The Kafka consumer works by issuing "fetch" requests to the brokers leading the partitions it wants to consume. The consumer specifies its offset in the log with each request and receives back a chunk of log beginning from that position. The consumer thus has significant control over this position and can rewind it to re-consume data if need be.

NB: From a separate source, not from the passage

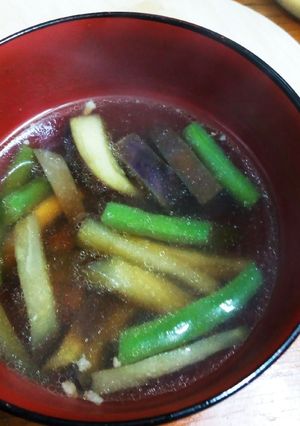 なすとインゲンのあたたかい 素麺のつゆ-レシピのメイン写真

kafka消费者通过向broker的leader分区发起“提取”请求。消费者指定每次请求日志的偏移量并收到那一块日志的起始位置。因此,消费者可以重新指定位置,重新消费。

推送 vs 拉取

An initial question we considered is whether consumers should pull data from brokers or brokers should push data to the consumer. In this respect Kafka follows a more traditional design, shared by most messaging systems, where data is pushed to the broker from the producer and pulled from the broker by the consumer. Some logging-centric systems, such as Scribe and Apache Flume follow a very different push based path where data is pushed downstream. There are pros and cons to both approaches. However a push-based system has difficulty dealing with diverse consumers as the broker controls the rate at which data is transferred. The goal is generally for the consumer to be able to consume at the maximum possible rate; unfortunately in a push system this means the consumer tends to be overwhelmed when its rate of consumption falls below the rate of production (a denial of service attack, in essence). A pull-based system has the nicer property that the consumer simply falls behind and catches up when it can. This can be mitigated with some kind of backoff protocol by which the consumer can indicate it is overwhelmed, but getting the rate of transfer to fully utilize (but never over-utilize) the consumer is trickier than it seems. Previous attempts at building systems in this fashion led us to go with a more traditional pull model.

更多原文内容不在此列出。